Task inputs:
•••

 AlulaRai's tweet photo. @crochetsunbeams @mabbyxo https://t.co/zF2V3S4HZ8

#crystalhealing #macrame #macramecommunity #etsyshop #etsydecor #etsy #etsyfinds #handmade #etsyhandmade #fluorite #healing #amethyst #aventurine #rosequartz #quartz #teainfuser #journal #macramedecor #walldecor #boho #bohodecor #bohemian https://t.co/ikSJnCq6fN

•••

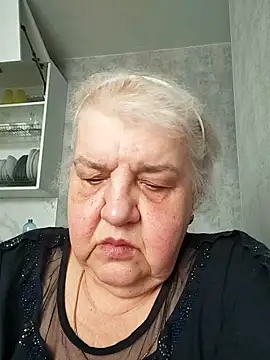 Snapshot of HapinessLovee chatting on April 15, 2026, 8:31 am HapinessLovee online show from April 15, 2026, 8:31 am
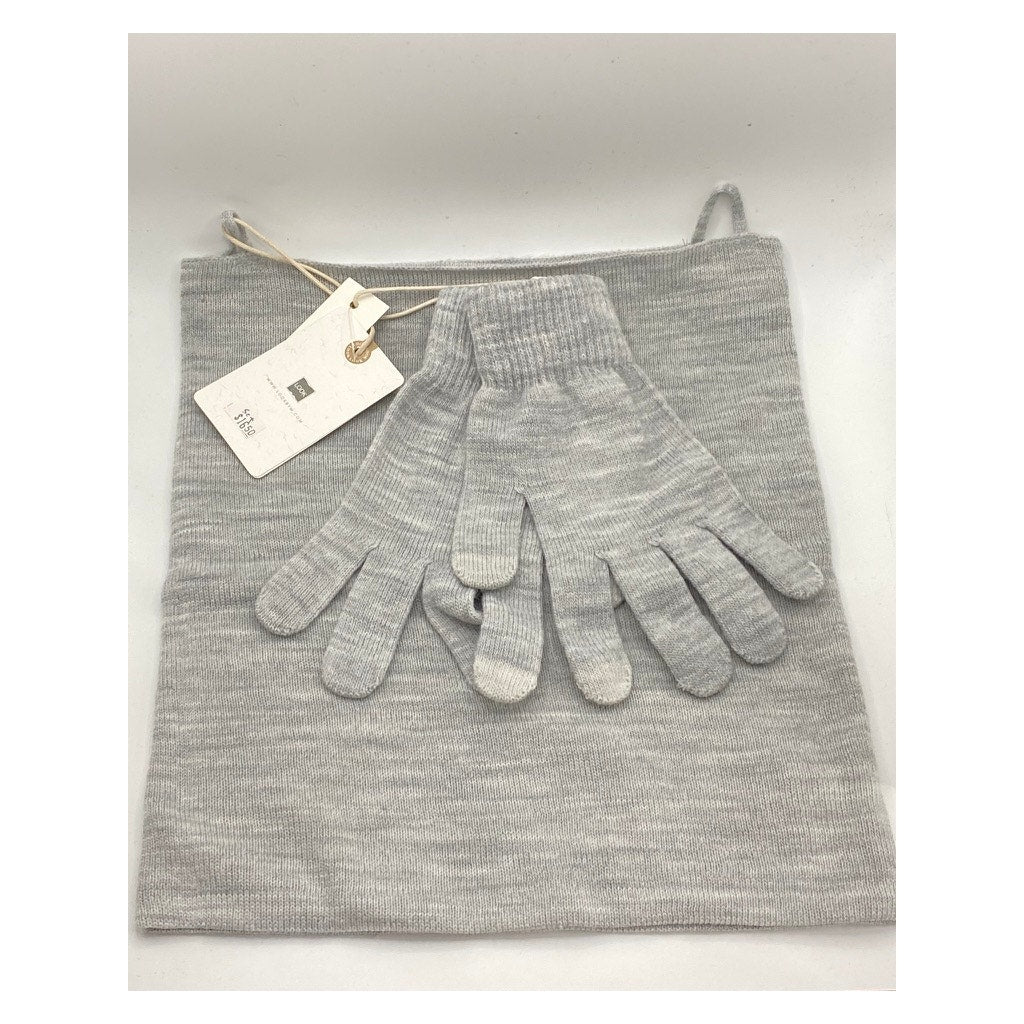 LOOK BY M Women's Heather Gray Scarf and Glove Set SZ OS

•••

Problem: Both the line above containing "Snapshot of HapinessLovee" and the line containing "LOOK BY M Women's" belong in the copy, along with every line between them; print these exactly and omit the pictures.

Answer:
 Snapshot of HapinessLovee chatting on April 15, 2026, 8:31 am HapinessLovee online show from April 15, 2026, 8:31 am
 LOOK BY M Women's Heather Gray Scarf and Glove Set SZ OS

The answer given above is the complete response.